Haïti : Poussée du choléra après les inondations

          Pendant 3 jours, du 9 au 11 octobre, des pluies torrentielles se sont abattues sur plusieurs régions d’Haïti. La Grande Anse, la région des Nippes et le département du Sud ont été les plus touchés. Les rivières en crue ont emporté au moins 5 personnes, selon un bilan officiel. Les inondations ont dévasté les jardins, plusieurs centaines de maisons sont détruites et des milliers de têtes de bétail ont disparu ; l’hôpital des Cayes a été inondé, obligeant le transfert des malades. Les centaines de personnes qui avaient trouvé refuge dans les abris mis en place par des ONG ont retrouvé leurs  domiciles saccagés et doivent maintenant faire face à une reprise du choléra.
          La maladie a été signalée dans les Nippes et dans le Sud où plus de 43 décès ont été répertoriés ; dans la région des Cayes où plus  de 34 cas de contamination ont été confirmés.
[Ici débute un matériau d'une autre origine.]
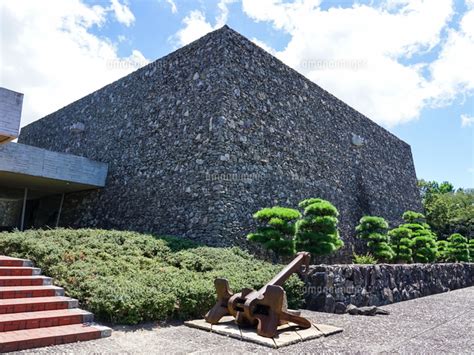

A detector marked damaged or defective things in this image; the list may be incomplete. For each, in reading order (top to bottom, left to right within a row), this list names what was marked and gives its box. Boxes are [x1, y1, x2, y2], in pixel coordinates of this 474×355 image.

rusty metal sculpture [204, 252, 312, 338]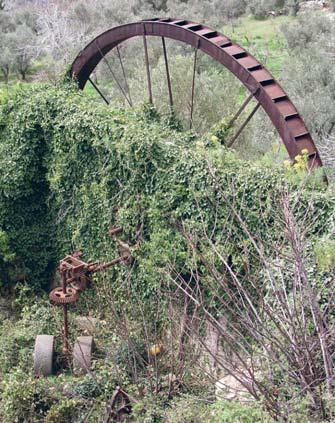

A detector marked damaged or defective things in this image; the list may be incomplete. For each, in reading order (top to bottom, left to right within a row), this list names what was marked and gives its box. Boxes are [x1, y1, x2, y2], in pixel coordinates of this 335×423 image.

rusted iron frame [88, 77, 109, 105]
rusted iron frame [96, 42, 133, 107]
rusted iron frame [117, 45, 133, 107]
rusty metal water wheel [71, 18, 326, 171]
rusted iron frame [71, 18, 326, 171]
rusted iron frame [227, 102, 262, 148]
rusty machinery [33, 227, 132, 380]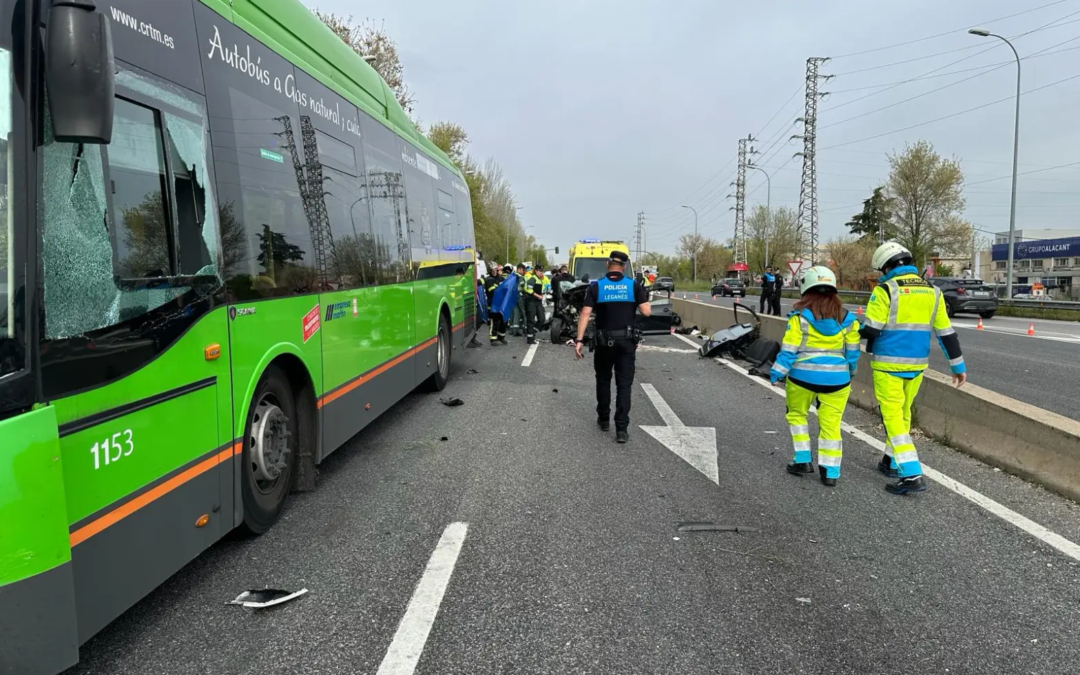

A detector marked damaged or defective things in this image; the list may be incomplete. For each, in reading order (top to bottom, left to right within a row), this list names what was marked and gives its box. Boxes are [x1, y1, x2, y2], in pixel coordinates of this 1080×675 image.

shattered windshield glass [40, 69, 221, 336]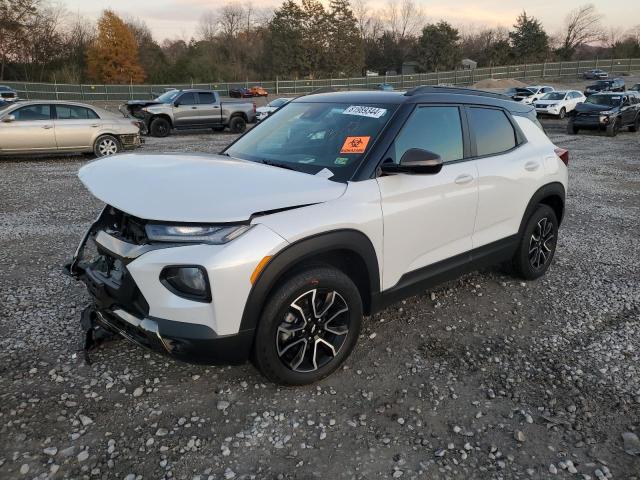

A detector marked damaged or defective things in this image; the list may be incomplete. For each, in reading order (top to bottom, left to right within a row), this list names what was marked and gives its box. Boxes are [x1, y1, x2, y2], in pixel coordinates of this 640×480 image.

crumpled hood [80, 153, 350, 222]
damaged front bumper [64, 208, 252, 366]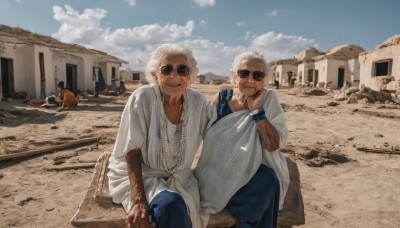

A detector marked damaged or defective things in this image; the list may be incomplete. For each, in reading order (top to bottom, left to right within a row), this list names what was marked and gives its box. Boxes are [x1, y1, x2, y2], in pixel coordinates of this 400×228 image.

damaged building [0, 24, 127, 100]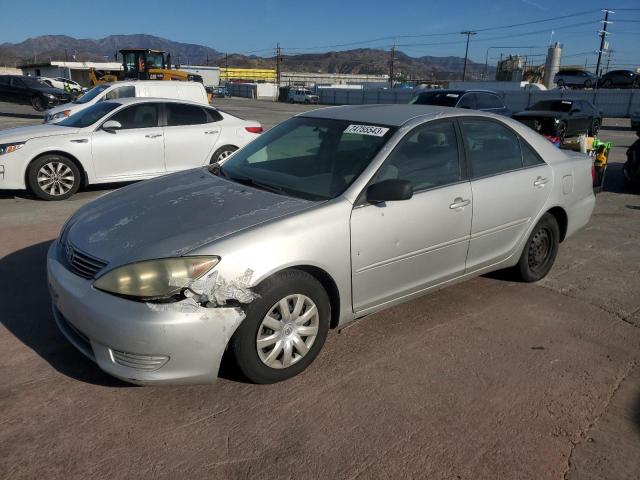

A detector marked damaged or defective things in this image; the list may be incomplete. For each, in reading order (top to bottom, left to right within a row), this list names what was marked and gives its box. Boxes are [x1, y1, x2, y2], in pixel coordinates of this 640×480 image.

damaged front bumper [46, 240, 246, 386]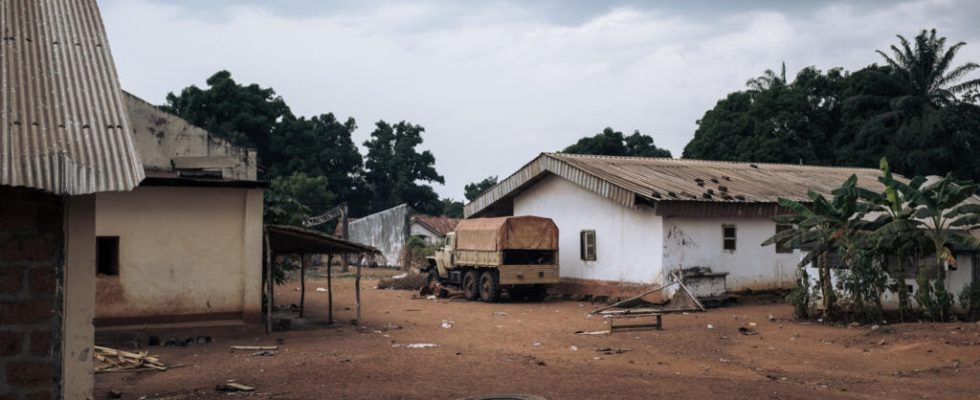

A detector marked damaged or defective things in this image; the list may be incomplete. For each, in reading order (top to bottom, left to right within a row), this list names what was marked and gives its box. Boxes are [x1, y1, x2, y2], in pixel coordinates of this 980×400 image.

rusty metal roof [0, 0, 145, 194]
peeling paint wall [124, 92, 256, 180]
rusty metal roof [466, 153, 888, 217]
peeling paint wall [94, 186, 264, 324]
peeling paint wall [348, 205, 410, 268]
peeling paint wall [512, 175, 668, 284]
peeling paint wall [664, 216, 800, 290]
          L’intensité des pluies tombées sur la zone Sud du pays a favorisé la dissémination du choléra, et cela d’autant plus qu’il n’y a pas de Centre de traitement de choléra (CTC) dans les zones atteintes. Les installations sanitaires de ces régions sont obsolètes. La mise en place des CTC coûte extrêmement cher et demande un personnel qualifié, disponible et disposé, que le gouvernement n’est pas prêt à financer. De plus, les structures d’accueil des malades dans les sections communales ont été fermées faute de financement, comme dans la commune d’Aquin dont le maire  déplorait la lenteur des interventions des autorités sanitaires.
          Ce manque d’ambulances et de fournitures médicales (sérum de réhydratation, lits, gants et masques)  retarde la prise en charge des personnes atteintes et augmente le nombre de morts et de contaminés dans ces deux départements d’Haïti.
          Le Ministère de la Santé publie un bilan établissant que plus de 6 500 personnes sont déjà mortes depuis l’apparition, le 19 octobre 2010, du choléra dans le pays. Ce nombre est en dessous de la réalité et le plan d’aide du gouvernement ou de l’ONU ne remplace pas les actions des ONG qui se sont retirées de la plupart  de  leurs zones d’intervention. 
          Et dire que pendant que tous ces fléaux frappent le petit peuple d’Haïti, travailleurs, jeunes chômeurs etc., Martély et ses comparses politiciens sont surtout occupés à se chamailler pour le partage des postes ministériels et autres sinécures à Port au Prince.